**WORK ITEM:** Exact copy, no pictures: return only the lines below from the line with "GELADEIRA CONSUL 340L CRM39A BCO 110" up to and including the line with "DESMONTANDO A MINGUELLA".
====== GIVEN RECORDS ======
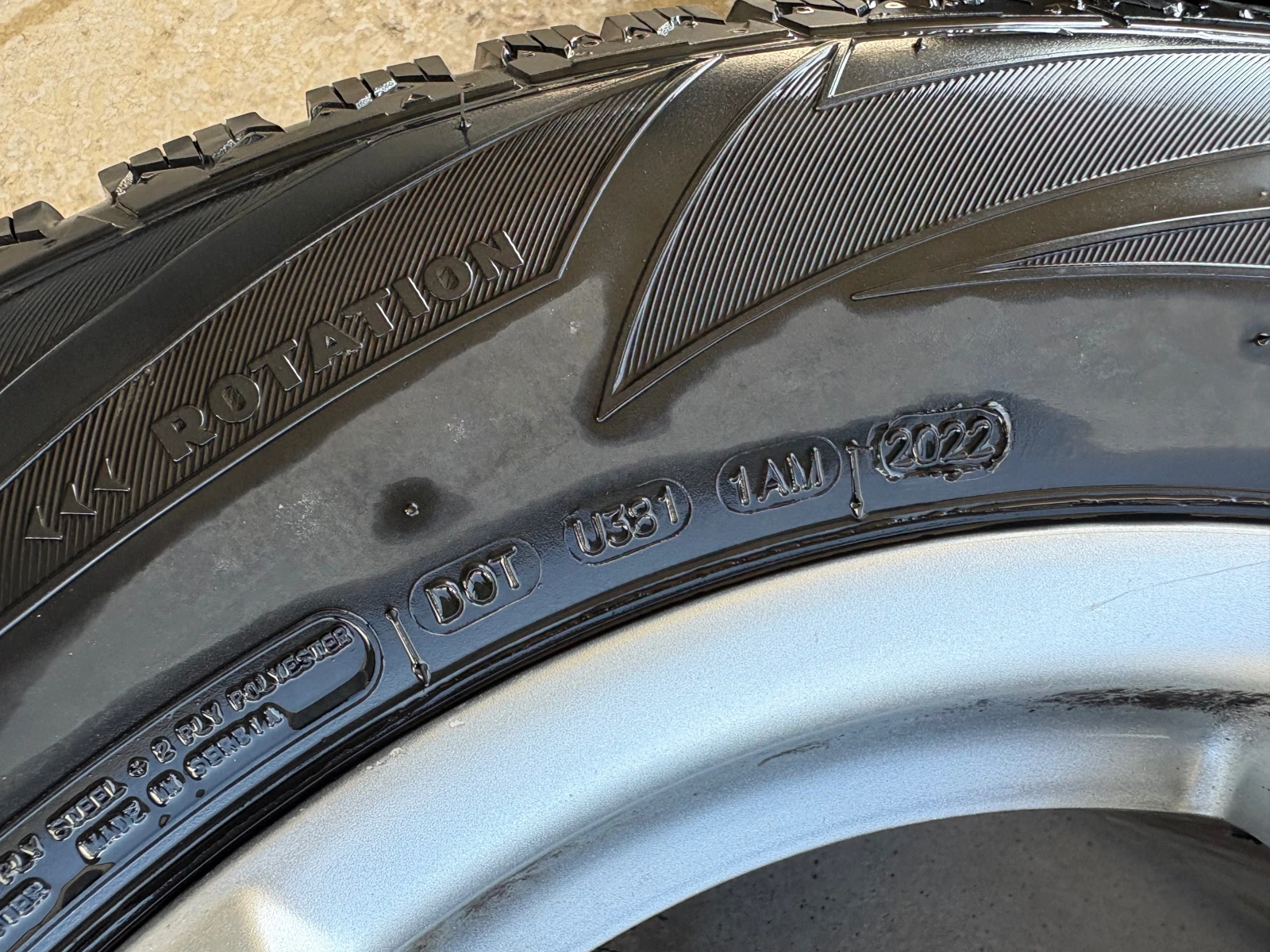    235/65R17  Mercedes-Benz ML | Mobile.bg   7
======
====== GIVEN RECORDS ======
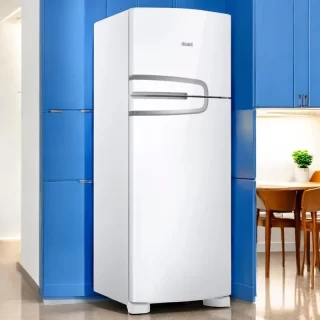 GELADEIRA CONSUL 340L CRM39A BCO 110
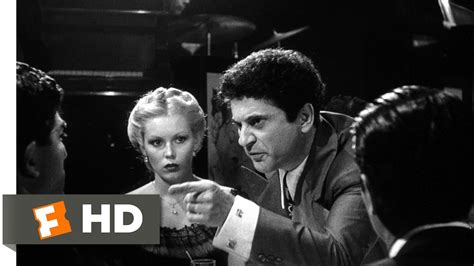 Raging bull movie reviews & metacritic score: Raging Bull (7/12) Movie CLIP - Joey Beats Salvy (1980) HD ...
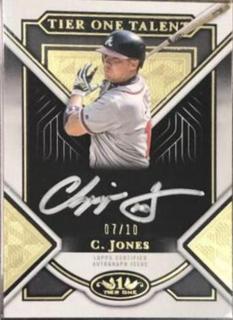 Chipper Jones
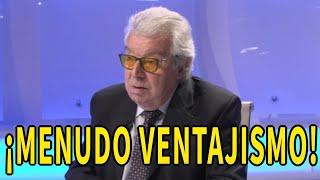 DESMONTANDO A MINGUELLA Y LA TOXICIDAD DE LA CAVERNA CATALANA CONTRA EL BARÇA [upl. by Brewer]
======
**REPLY TO THE TASK:**
 GELADEIRA CONSUL 340L CRM39A BCO 110
 Raging bull movie reviews & metacritic score: Raging Bull (7/12) Movie CLIP - Joey Beats Salvy (1980) HD ...
 Chipper Jones
 DESMONTANDO A MINGUELLA Y LA TOXICIDAD DE LA CAVERNA CATALANA CONTRA EL BARÇA [upl. by Brewer]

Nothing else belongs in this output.